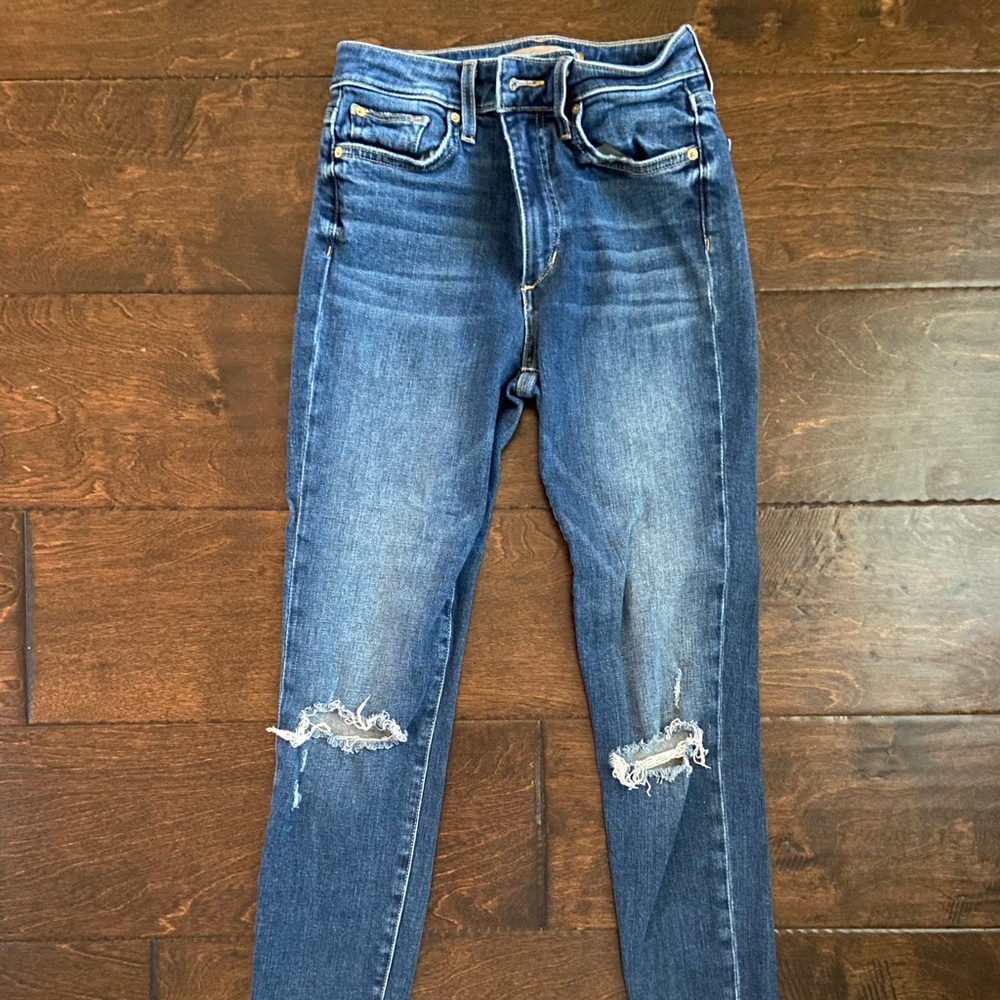 High rise skinny jeans with rips; size 25.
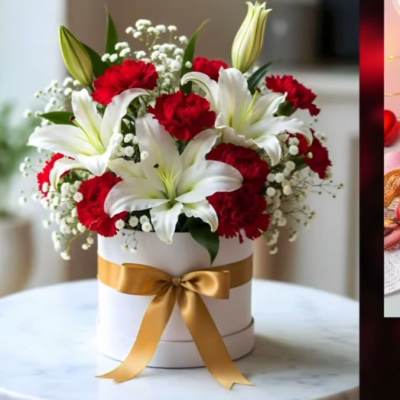 White lilies and red carnations in a round box with a gold ribbon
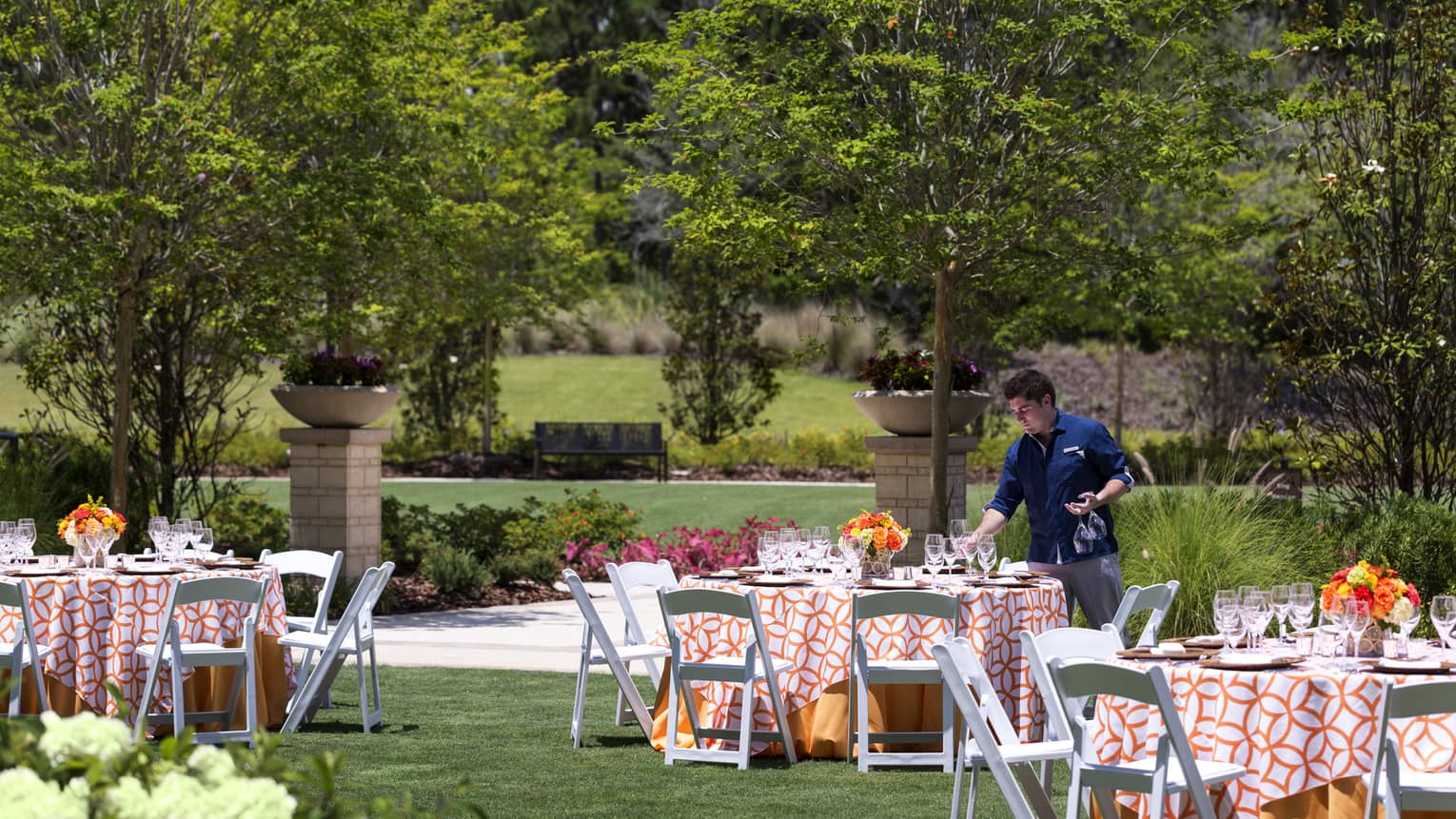 A four seasons server sets tables outside on the lady palm lawn at four seasons resort orlando at walt disney world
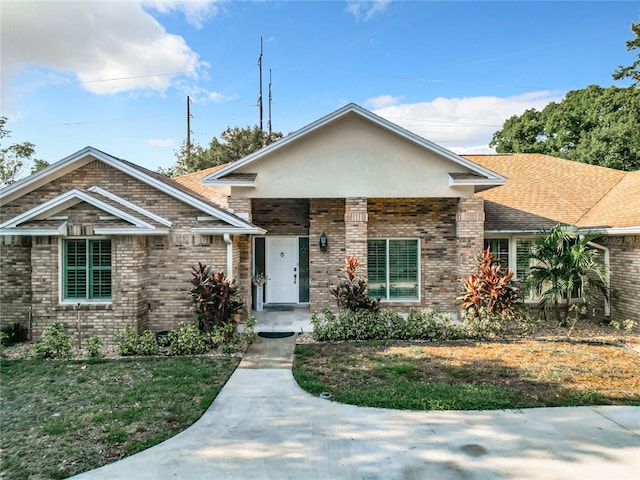 view of front of home with a front lawn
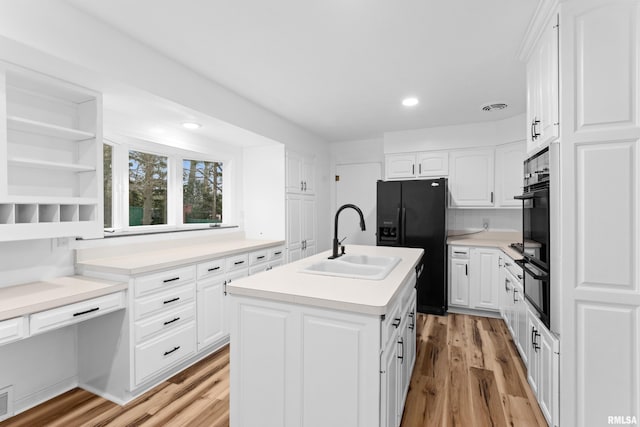 kitchen with a center island with sink, black appliances, white cabinets, and sink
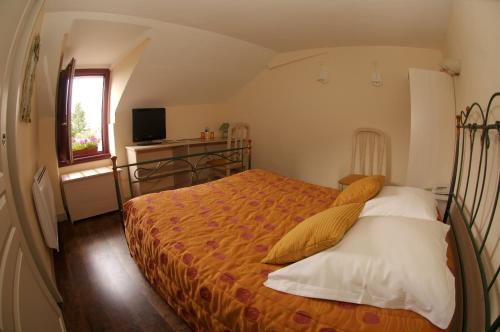 a bedroom with a bed and a television in it at L'Amphitryon in Coudray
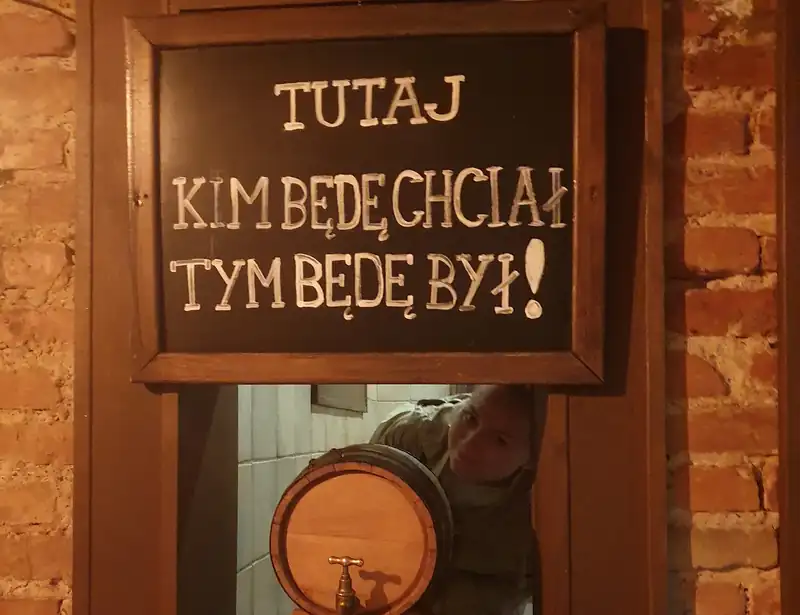 Kredowa tabliczka „Tutaj kim będę chciał, tym będę był!” i beczka w oknie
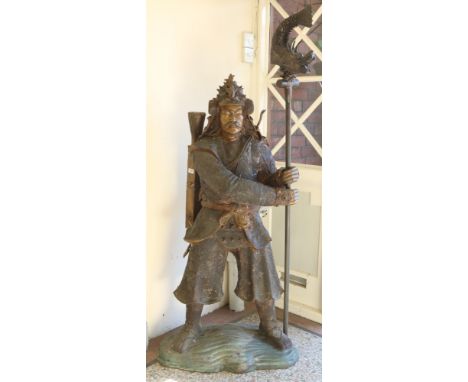A 20th century large bronze sculpture of a Mongolian warrior. Wearing armour, with a quiver of arrows and a staff, 173cm.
════════════════════
(EXERCISE REQUIREMENTS) What is needed is an exact copy of all the entries above, minus the pictures.

(TASK SOLUTION)
 High rise skinny jeans with rips; size 25.
 White lilies and red carnations in a round box with a gold ribbon
 A four seasons server sets tables outside on the lady palm lawn at four seasons resort orlando at walt disney world
 view of front of home with a front lawn
 kitchen with a center island with sink, black appliances, white cabinets, and sink
 a bedroom with a bed and a television in it at L'Amphitryon in Coudray
 Kredowa tabliczka „Tutaj kim będę chciał, tym będę był!” i beczka w oknie
A 20th century large bronze sculpture of a Mongolian warrior. Wearing armour, with a quiver of arrows and a staff, 173cm.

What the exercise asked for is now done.